# YOUR ASSIGNMENT:
Of all the lines below, output only those starting at the one with "If clearing the" and ending at the one with "When you use", both ends included, exactly as written.

# RECORDS TO USE:
== == ==

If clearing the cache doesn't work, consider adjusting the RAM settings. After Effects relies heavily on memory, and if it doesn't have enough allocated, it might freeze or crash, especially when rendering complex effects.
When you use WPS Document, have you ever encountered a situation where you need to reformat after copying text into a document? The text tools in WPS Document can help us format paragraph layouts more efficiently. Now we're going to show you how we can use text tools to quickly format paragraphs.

== == ==

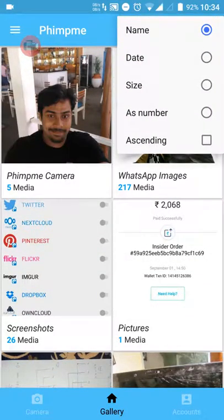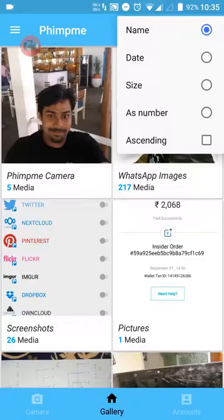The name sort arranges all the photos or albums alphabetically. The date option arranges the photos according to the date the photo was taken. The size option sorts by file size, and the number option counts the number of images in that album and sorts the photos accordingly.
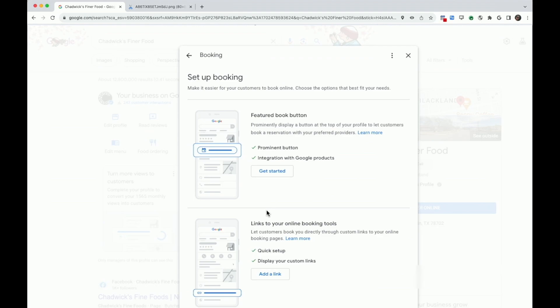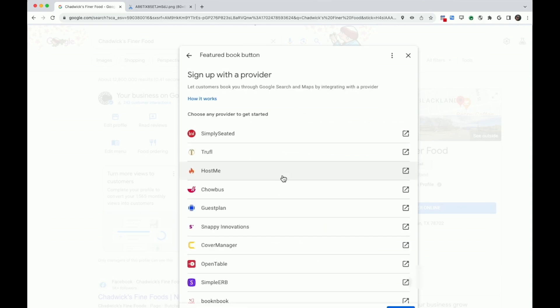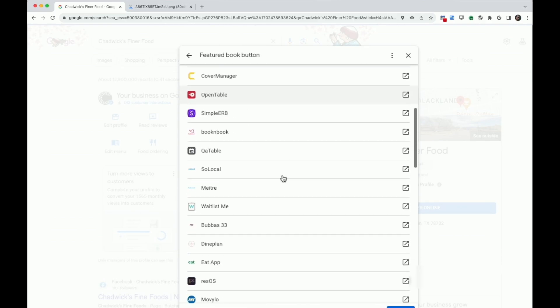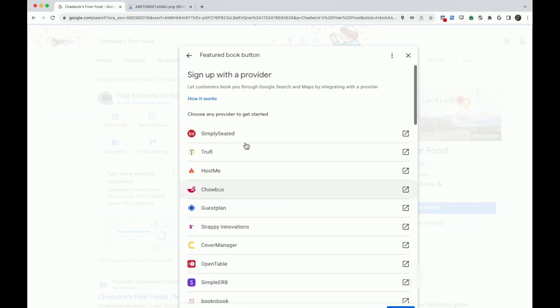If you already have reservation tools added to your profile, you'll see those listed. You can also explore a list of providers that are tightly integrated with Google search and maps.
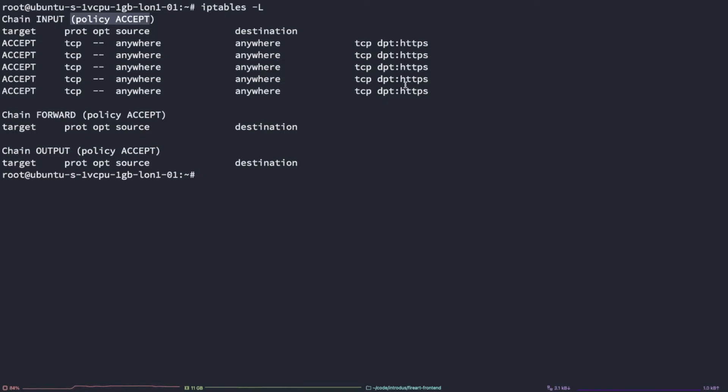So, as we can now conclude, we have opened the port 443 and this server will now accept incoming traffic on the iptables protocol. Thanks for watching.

== == ==

# RESPONSE:
If clearing the cache doesn't work, consider adjusting the RAM settings. After Effects relies heavily on memory, and if it doesn't have enough allocated, it might freeze or crash, especially when rendering complex effects.
When you use WPS Document, have you ever encountered a situation where you need to reformat after copying text into a document? The text tools in WPS Document can help us format paragraph layouts more efficiently. Now we're going to show you how we can use text tools to quickly format paragraphs.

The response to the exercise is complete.